_Directions for this task:_ Could you write out exactly the lines from the one that contains "this 845×633 image." through the last line of the listing below, both included and nothing more?
┄┄┄┄┄┄
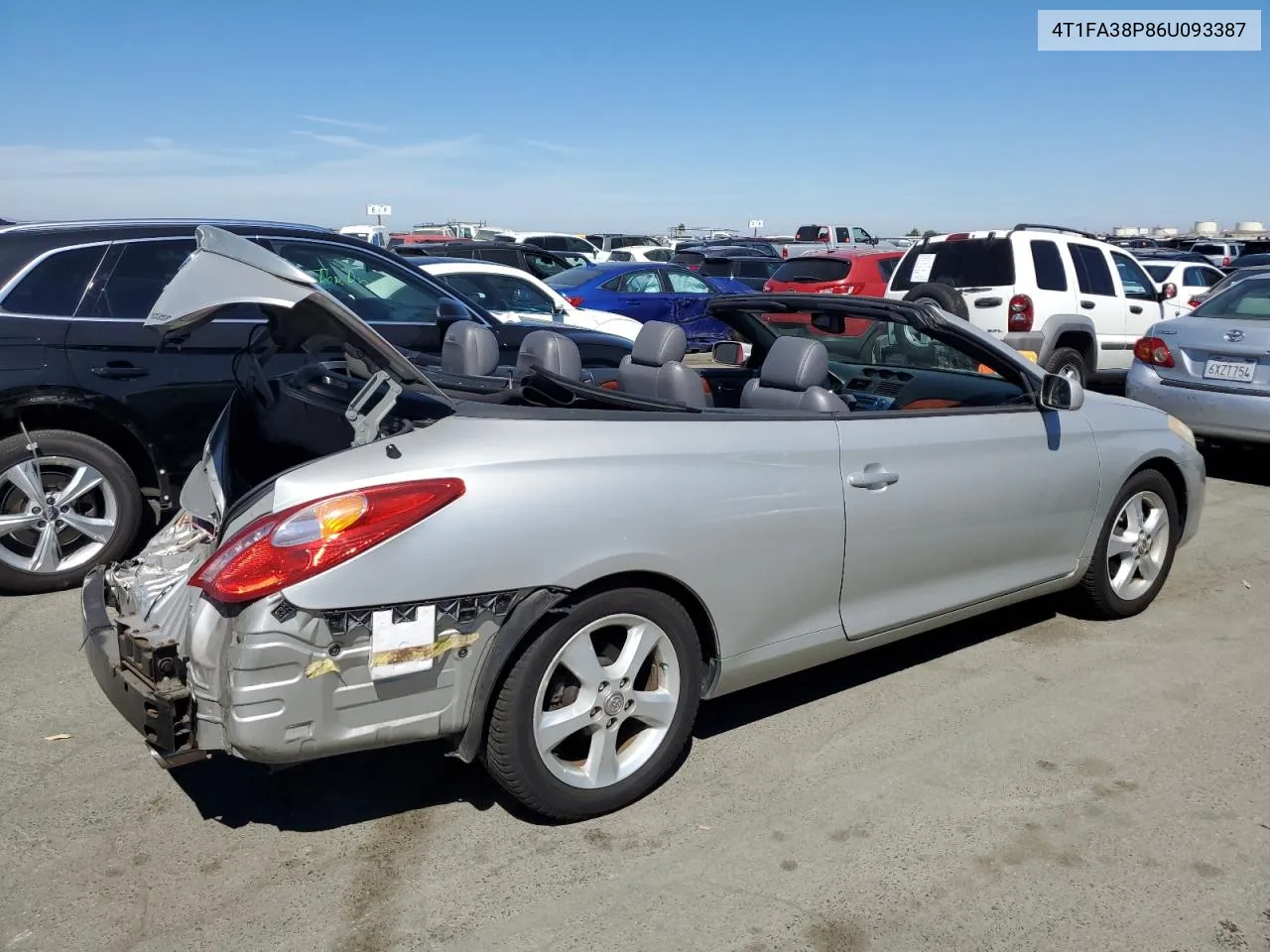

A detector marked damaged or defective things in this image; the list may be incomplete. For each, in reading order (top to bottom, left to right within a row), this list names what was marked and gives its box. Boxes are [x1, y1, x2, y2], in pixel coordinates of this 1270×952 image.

damaged rear bumper [80, 565, 201, 767]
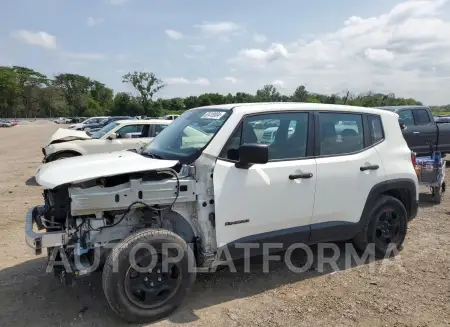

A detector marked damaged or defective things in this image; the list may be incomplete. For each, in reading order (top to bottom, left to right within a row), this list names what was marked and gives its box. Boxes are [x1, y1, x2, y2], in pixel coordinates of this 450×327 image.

cracked bumper [24, 208, 69, 256]
damaged white suv [25, 104, 418, 324]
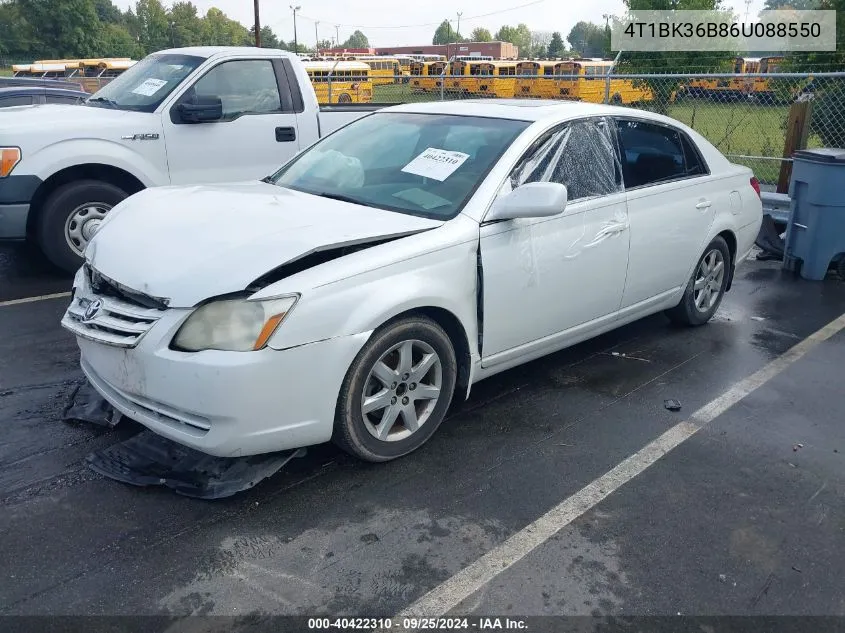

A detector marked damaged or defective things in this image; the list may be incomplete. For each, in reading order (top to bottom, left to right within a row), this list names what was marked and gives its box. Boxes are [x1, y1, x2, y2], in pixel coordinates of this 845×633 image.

shattered side window [508, 116, 620, 200]
damaged white car [57, 101, 760, 462]
detached bumper piece [61, 378, 123, 428]
detached bumper piece [87, 430, 304, 498]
┄┄┄┄┄┄
_Answer:_
A detector marked damaged or defective things in this image; the list may be incomplete. For each, in reading order (top to bottom, left to right within a row), this list names what was marked and gives its box. Boxes are [x1, y1, x2, y2], in pixel coordinates of this 845×633 image.

shattered side window [508, 116, 620, 200]
damaged white car [57, 101, 760, 462]
detached bumper piece [61, 378, 123, 428]
detached bumper piece [87, 430, 304, 498]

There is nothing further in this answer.